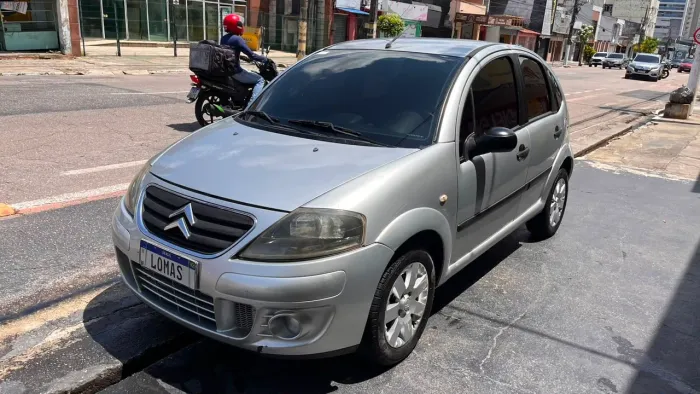 Citroen C3 GLX 1.4/ GLX Sonora 1.4 Flex 8V 5P 2012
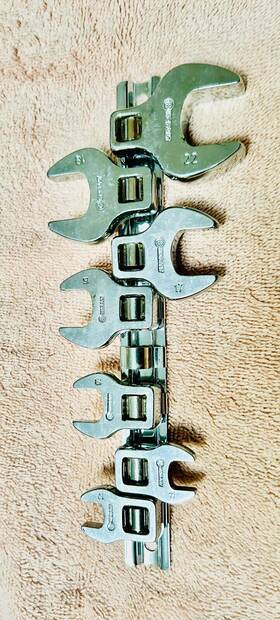 379863 Kobalt 8 Piece Metric Drive Crowfoot Wrench Set 10 11 12 15 17 18 22 Size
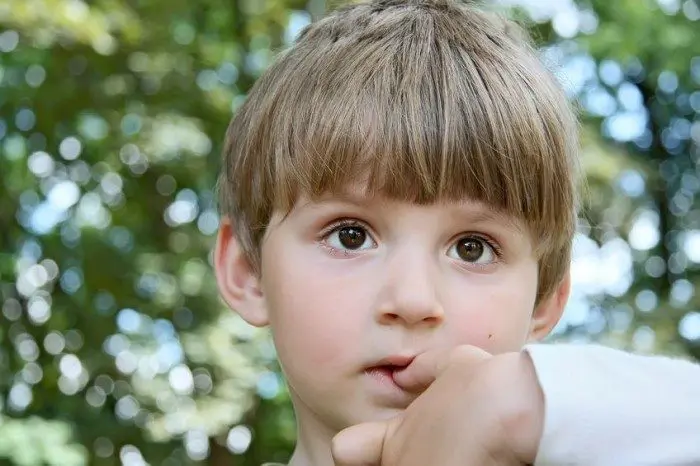 Niños muerden uñas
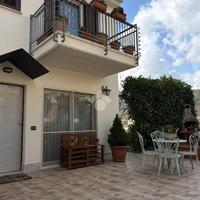 VILLA A SCHIERA A POZZILLI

· · · · · · ·

EXERCISE DESCRIPTION:
Without the pictures, retype the whole of the material above exactly.

EXPECTED ANSWER:
 Citroen C3 GLX 1.4/ GLX Sonora 1.4 Flex 8V 5P 2012
 379863 Kobalt 8 Piece Metric Drive Crowfoot Wrench Set 10 11 12 15 17 18 22 Size
 Niños muerden uñas
 VILLA A SCHIERA A POZZILLI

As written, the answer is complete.